*

  • 2008 nobel edebiyat ödülünün sahibi. vaktiyle le proces verbal'ine başladım, sikerim diyip bıraktım.
  • "yeni baslangıçların, edebi maceraların, duygusal hazzın yazarı...insanlığı varolan medeniyetin içinde ve dışında araştıran" sözleriyle anlatılan çiçeği burnunda nobel edebiyat ödüllü yazar.
  • tüm sene boyunca hep 60 yas üzeri yaşayan yazarlari okuyup, "bu sene nobelli yazari, nobel almadan önce okuyacagim" diye heves eden beni ters koseye yatirmis bir yazardir.. fransiz ve mauritusludur.. gün gelecek bir gün okudugum yazarlardan nobel alan cikacak fakat o gün gelene kadar, hadi gelin birlikte jean marie gustave le clezio yu taniyalim:

    1840 da dünyaya gelen jean marie, yaptigim typoyu düzeltmeye üsendigim için ayni yil ölüp, 1940 da tekrar dünyaya geldi.. babasi bir subaydi.. subayligi nedeniyle memleket memleket gezdiler.. hint okyanusundaki mairitus da en cok kaldigi yerlerden biriydi.. ilk okulu cengiz topel ilk okulunda okuyan jean marie o günlerden yazdigi "benim babam bir asker" oykusu ile dikkat cekmeyi basarmisti..
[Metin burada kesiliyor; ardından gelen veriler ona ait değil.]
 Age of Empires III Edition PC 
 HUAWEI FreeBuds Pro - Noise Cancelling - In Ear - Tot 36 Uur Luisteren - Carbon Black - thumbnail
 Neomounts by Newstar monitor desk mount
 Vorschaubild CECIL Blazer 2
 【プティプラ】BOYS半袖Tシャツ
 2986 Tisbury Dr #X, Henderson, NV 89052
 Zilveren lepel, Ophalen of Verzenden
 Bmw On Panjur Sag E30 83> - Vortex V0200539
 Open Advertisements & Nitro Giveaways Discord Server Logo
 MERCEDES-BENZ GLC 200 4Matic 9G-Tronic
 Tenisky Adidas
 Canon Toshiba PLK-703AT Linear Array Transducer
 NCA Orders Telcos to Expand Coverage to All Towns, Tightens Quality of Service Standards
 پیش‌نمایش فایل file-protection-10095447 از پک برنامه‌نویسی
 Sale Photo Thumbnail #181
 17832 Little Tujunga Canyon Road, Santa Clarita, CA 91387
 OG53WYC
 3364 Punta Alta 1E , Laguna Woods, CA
    1958 gibi üniversiteye girdi, 62 gibi cikti, askerligini taylandda yapmaya karar verdi fakat "bu ne lan, cocuklari orospu yapmislar" diye protestoya kalkisinca, meksikaya sürüldü.. hayatinin geri kalanini, kanada, meksika, fransa ve mauritusda gecirdi.

    en bilinen eseri tutanak adindaki "le proces verbal" orjinalligindeki eseridir.. ki bu ilk eseridir ve fransanin "haldun taner öykü" ödülü ayarindaki bir ödülü almıştır.. frida kahlo ve manitasinin da öyküsünü yazmiş, sömürge ortamlarinin nabzini iyice tutmuştur.. the desert ismindeki (ki yarin elime ulasacak sanirim) kitabi çok şeydir.. öyle böyle degildir.. nobel ödülünü reddeden yazarin memleketine bir nobel getirmiştir en nihayetinde "ödüller insani yazmaya devam ettirtiriyor" diyerek hem de..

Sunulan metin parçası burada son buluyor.